In article <1992May8.015202.10792@news.media.mit.edu> minsky@media.mit.edu (Marvin Minsky) writes:

>Now here's one of the things worng with what follows.  Penrose
>presents a proof of Godel's theorem, shows how to make a godel
>sentence (with no proof in the system) and then uses "Insight" to
>argue that the sentence must be True.  Then, of course, we can append
>this as an axiom of a large system, etc., ad infinitum.  Then folllows a
>song-and-dance about how these insights cannot be "systematized" by
>any algorithm.  I cannot follow this argument, which is based on a new

If you cannot follow this argument, check out Hilbert's attempt to do it,
the Entsheidungsproblem.  (The very problem Turing was trying to solve)
Then check out why algorithms are incapable of it.

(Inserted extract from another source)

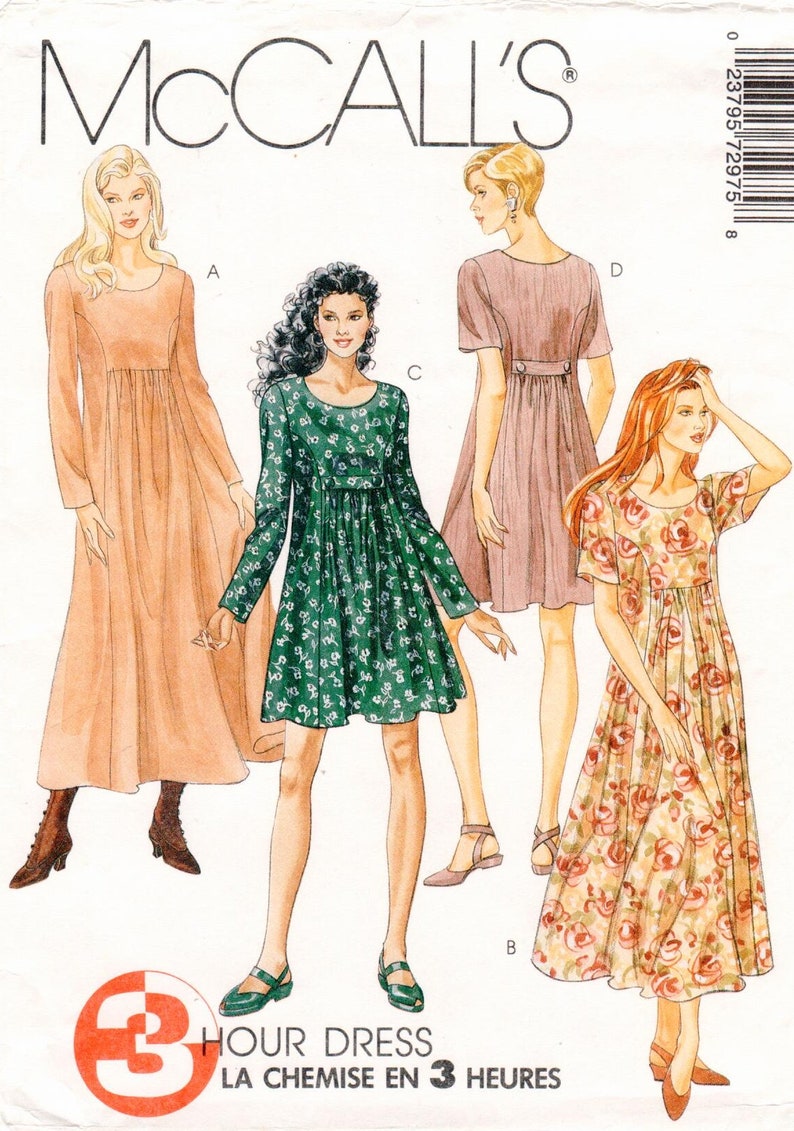 Pullover Dress Princess Seams LongShort Sleeves 14-18 Misses Loose-Fitting McCall/'s Pattern 7297 Vintage FrontBack Gathers Uncut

Algorithms are fundamentally incomplete.  Turing machines are fundamentally
incomplete.  Think.

(oddly, Penrose himself suggests a possible answer to this in a totally
different source, but never makes the connection that he answered it.
This is because other people's work is not questioned adequately, and
some fundamental assumptions appear to be wrong.)